Der Berg kreißte und gebar eine Ampel – und die ist weder fertig noch allseitig akzeptiert. Wie halbgar die Maßnahme ist, zeigt sich allein daran, dass das Gesundheitsministerium nur kurze Zeit nach der groß inszenierten öffentlichen Vorstellung der Corona-Ampel eine Presseaussendung mit dem Titel "Präzisierung der heute bekanntgegebenen Maßnahmen bei Ampelschaltung Gelb" aussandte. Der Inhalt: Die Verordnung für die ausgeweitete Mund-Nasen-Schutz-Pflicht für Gastronomiepersonal werde in der kommenden Woche erlassen werden. Bedeutet im Klartext: Gesundheitsminister Rudolf Anschober und Vizekanzler Werner Kogler von den Grünen sowie Bundeskanzler Sebastian Kurz präsentierten etwas ohne rechtliche Grundlage.

Um keine Missverständnisse aufkommen zu lassen: Ein Ampelsystem ist grundsätzlich eine ausgezeichnete Idee. Die Bürgerinnen und Bürger können auf einen Blick erkennen, wie die Lage an ihrem Aufenthaltsort ist. Und die Abkehr von den reinen Infiziertenzahlen hin zu einem umfassenderen Ansatz der Risikobewertung, der auch die Anzahl der Tests, die Clusterverfolgung und die Spitalskapazitäten einbezieht, ist absolut begrüßenswert.

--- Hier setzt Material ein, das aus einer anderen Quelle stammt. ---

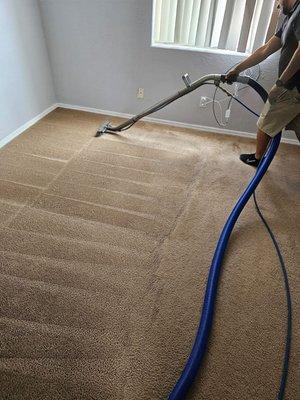 Emerald Cleaning Services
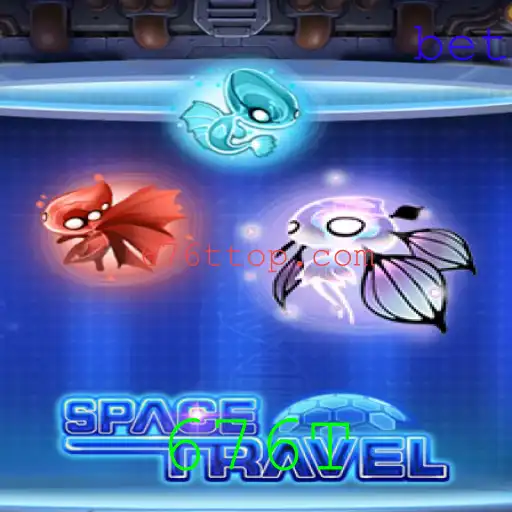 Descubra SpaceTravel: Um Jogo Inovador que Transcende Fronteiras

Gesundheitsminister Rudolf Anschober präsentiert die Corona-Ampel.
Foto: APA/HANS PUNZ

So weit, so gut. Gut gemeint heißt aber eben nicht automatisch, dass etwas auch gut gemacht ist. Das schwarz-blau regierte Bundesland Oberösterreich und dessen rot geführte Hauptstadt Linz haben durchaus recht, wenn sie Kritik an der Gelb-Einstufung von Linz üben – gibt es doch auch andere Kommunen, die trotz schlechterer Zahlen als sicher gelten.

Fehlende Transparenz

Darin liegt schon das erste Problem: Es fehlt an Transparenz. Die 19-köpfige Kommission, die die Farbenempfehlung abgibt, ist quasi eine Black Box – warum sie wie entscheidet, ist schwer nachzuvollziehen.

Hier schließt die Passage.